出雲国風土記・現代語訳:楯縫郡条の神話

楯縫郡条に登場する神話をまとめました。

ここでまとめているのは神話(神が何かをした話)であり、内容は意訳となっています。


楯縫(たてぬい)の由来


神魂命(かみむすひ)が「私の天日栖宮(あめのひすみのみや)は十分に足り整っている。縦横の規模が千尋もある長い拷紲(たくなわ)を使い、桁梁(けたはり)を何度も何度もしっかり結び、たくさん結び下げて作ってある」と言って天御鳥命(あめのみとり)を楯部として天下らせた。その天御鳥命が大神の宮の御装束としての楯を造り始めなのが此処であり、今に至るまで楯や桙を造って神々に奉っている。そのため楯縫という。

対応箇所:楯縫郡の総記

佐香郷(さかごう)の由来


佐香の河内に百八十神(ももやそのかみ)たちが集まって御厨(みくりや)を建て、酒を醸造させて180日にわたって酒盛りをした後に解散したので佐香という。

対応箇所:楯縫郡の郷

玖潭郷(くたみごう)の由来


所造天下大神命(大穴持命)が天御飯田(あめのみいいだ)の御倉を造るための場所を求めていたときに「はやさめくたみの山」と言ったので忽美(玖潭)という。

対応箇所:楯縫郡の郷

沼田郷(ぬたごう)の由来


宇乃治比古命(うのぢひこ)が「湿地(爾多)の水で乾飯(かれいい)をふやかして食べることとしよう」と言ったので爾多と名を負わせることになった。
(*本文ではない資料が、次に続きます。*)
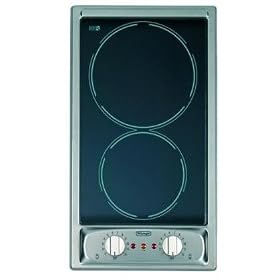 Delonghi DEECT110VFSSS 12 Electric Cooktop with 2 Heating Zones and Red Residual Heat Lights:... by 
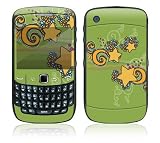 Flower Stars Design Decal Skin Sticker for BlackBerry Curve 8500 Cell Phone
そのため爾多郷と呼ばれるべきなのだが、今日はただ努多(沼田)と呼ばれているのである。

対応箇所:楯縫郡の郷

神名樋山(かんなびやま)の由来


古老が伝えて言うには、阿遅須枳高日子命(あじすきたかひこ)の后の天御梶日女命(あめのみかじひめ)が多宮村にて多伎都比古命(たきつひこ)を産んだ。そのとき お腹の子供に「汝の母が御祖の向位に生もうと思うが、ここがちょうどよい」と言ったという。いわゆる石神は これこそ多伎都比古命の御魂であり、日照りのときに雨乞いをすると必ず雨を降らせれくれる。